South West Wales

Swansea City plans Liberty Stadium expansion

Swansea v Chelsea at Liberty Stadium
Image caption The Liberty Stadium currently has a capacity of around 20,500

Swansea City FC is planning to expand the capacity of the Liberty Stadium to cater for the huge demand for Premier League football.

The proposals are expected to be put forward to Swansea council early next year and work could start before next season.

The club said up to 12,000 seats in total could be added to three stands, taking the capacity to around 32,500.

The move would allow the Swans to significantly increase revenue.

However, chairman Huw Jenkins has also stressed how important it would be to maintain Premier League football.

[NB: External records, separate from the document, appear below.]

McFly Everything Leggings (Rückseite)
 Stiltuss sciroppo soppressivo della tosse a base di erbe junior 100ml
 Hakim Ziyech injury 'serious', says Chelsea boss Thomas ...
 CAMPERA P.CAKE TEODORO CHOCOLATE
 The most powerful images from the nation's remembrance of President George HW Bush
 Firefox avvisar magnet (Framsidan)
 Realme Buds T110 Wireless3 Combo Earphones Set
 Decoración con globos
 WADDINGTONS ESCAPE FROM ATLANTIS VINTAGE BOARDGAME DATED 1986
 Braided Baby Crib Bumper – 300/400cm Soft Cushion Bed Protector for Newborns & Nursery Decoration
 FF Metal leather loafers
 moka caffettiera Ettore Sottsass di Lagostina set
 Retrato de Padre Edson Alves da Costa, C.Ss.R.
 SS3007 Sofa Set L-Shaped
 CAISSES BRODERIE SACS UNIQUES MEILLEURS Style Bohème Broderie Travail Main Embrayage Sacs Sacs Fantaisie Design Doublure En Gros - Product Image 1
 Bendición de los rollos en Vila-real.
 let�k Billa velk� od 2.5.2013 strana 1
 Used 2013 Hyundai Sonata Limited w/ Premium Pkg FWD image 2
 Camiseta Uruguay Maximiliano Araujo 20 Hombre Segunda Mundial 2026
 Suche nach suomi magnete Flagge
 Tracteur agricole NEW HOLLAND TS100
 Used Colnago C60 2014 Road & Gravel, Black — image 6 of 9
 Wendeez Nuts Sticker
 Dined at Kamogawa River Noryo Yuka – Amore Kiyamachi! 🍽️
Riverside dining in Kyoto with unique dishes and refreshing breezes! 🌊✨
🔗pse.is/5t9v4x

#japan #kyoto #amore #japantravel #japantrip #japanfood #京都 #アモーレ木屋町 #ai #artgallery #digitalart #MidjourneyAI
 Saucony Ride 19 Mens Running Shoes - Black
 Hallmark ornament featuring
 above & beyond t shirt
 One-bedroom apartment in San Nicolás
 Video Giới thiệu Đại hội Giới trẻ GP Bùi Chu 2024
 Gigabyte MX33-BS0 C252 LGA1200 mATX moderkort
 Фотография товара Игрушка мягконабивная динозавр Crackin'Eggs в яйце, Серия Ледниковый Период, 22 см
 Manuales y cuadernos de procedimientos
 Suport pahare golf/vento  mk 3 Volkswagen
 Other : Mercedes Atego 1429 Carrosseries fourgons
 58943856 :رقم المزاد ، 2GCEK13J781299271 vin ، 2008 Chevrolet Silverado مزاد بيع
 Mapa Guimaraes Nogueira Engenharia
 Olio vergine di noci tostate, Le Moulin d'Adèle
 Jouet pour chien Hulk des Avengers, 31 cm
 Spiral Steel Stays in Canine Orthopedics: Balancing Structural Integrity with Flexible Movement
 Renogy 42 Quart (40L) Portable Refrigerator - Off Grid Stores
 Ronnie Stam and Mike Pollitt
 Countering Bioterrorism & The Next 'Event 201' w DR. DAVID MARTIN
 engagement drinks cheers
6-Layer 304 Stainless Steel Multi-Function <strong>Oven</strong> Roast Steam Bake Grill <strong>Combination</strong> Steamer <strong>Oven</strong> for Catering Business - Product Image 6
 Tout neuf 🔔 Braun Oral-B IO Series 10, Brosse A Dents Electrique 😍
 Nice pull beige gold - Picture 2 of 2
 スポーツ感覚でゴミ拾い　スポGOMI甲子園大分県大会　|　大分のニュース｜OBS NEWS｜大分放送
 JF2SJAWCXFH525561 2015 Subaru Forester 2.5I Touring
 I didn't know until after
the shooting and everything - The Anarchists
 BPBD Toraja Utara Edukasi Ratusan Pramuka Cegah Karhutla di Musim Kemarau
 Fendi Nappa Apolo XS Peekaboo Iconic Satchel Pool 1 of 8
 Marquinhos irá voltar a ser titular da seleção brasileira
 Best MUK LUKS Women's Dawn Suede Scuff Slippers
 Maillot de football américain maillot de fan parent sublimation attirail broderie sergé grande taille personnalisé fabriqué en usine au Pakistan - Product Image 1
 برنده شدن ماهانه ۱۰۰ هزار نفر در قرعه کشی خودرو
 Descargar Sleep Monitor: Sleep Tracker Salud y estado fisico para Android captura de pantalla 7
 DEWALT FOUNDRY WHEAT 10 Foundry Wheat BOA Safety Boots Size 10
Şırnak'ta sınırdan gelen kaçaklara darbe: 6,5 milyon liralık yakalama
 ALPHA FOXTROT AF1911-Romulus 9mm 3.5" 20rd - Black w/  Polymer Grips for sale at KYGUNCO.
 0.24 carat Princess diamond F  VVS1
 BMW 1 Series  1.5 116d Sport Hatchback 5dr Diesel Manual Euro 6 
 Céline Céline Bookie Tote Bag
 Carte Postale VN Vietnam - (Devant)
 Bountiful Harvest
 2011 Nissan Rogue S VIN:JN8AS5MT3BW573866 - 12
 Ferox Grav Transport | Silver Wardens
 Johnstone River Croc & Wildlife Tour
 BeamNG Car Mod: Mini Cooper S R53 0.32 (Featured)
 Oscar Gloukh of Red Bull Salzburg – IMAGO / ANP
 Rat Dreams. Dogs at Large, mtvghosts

That would not appear to be a problem currently with Swansea seventh in the Premier League, above big names such as Liverpool and Arsenal.

The Swans are selling out every match at the 20,500-seat Liberty Stadium, which is also the home of the Ospreys regional rugby team.

Phil Sumbler, chairman of Swansea City Supporters' Trust, welcomed the plan and said it would create more revenue which would allow the club to build on its current success.

"Since we moved into the Premier League, the ground is pretty much a sell out to home supporters every single game we've played," he said.

"If we can make more room in there for Swansea supporters, that's a good thing."

He said a glance at the supporters' message boards suggested the demand was there because many fans appeared unable to get tickets.

"It's a brilliant feeling if you can afford to go every week and can afford a season ticket but not everyone can afford it or has the time to go every week," he said.

"For games that don't quite sell out, it would give the club a great opportunity to look at local schools and appeal to a younger generation."

Although the stadium is run by Swansea Stadium Management Company - a partnership of the Swans, Ospreys and Swansea council - the expansion would be funded by Swansea City.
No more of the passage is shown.